28 January 2022 Akinbode Fasakin succesfully defended his dissertation "Subaltern Securitization: The Use of Protest and Violence in Postcolonial Nigeria" at the department of Economic History and International Relations. 

Opponent: Rita Abrahamsen, Professor in the Graduate School of Public and International Affairs, University of Ottawa

Supervisors: Arita Holmberg and Ronnie Hjorth from the Swedish Defence University (and Mark Rhinard, SU)

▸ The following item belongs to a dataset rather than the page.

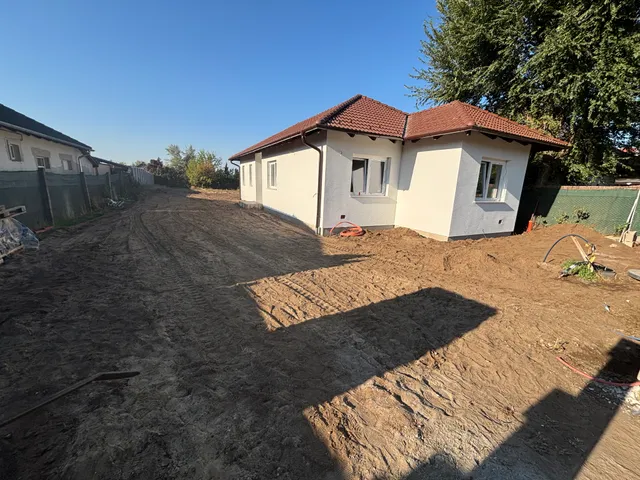 Eladó ház Csörög 87 nm
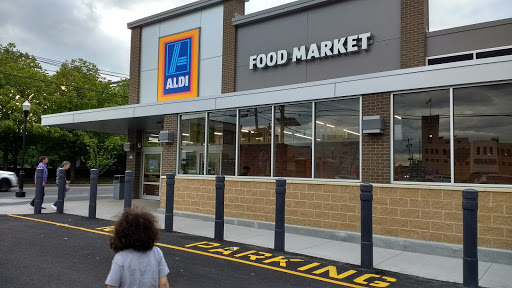 Grocery Store «Aldi Food Market», reviews and photos, 496 Main St, Hackensack, NJ 07601, USA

From the abstract: Securitization theory (ST) makes an insightful and significant contribution to security studies. Through the use of discursive speech act, ST provides an innovative strategy for understanding the application of security’s distinctive character and dynamics to any issue in order to make it a security issue. Valuable as the theory is to security studies, the subaltern appear missing in existing securitization analyses. Even when the subaltern are examined, for instance in critiques of classical ST, they are conceived and presented as passive, lacking agency, voice, and power, and suffering from security silence problem. ST’s reliance on discursive speech act and focus on state political elite prevent it from capturing the subaltern and subaltern securitization process. Furthermore, while existing ST and critiques of securitization studies offer some direction regarding how the subaltern actors may securitize threats to their security, these perspectives are incidental and grossly underdeveloped.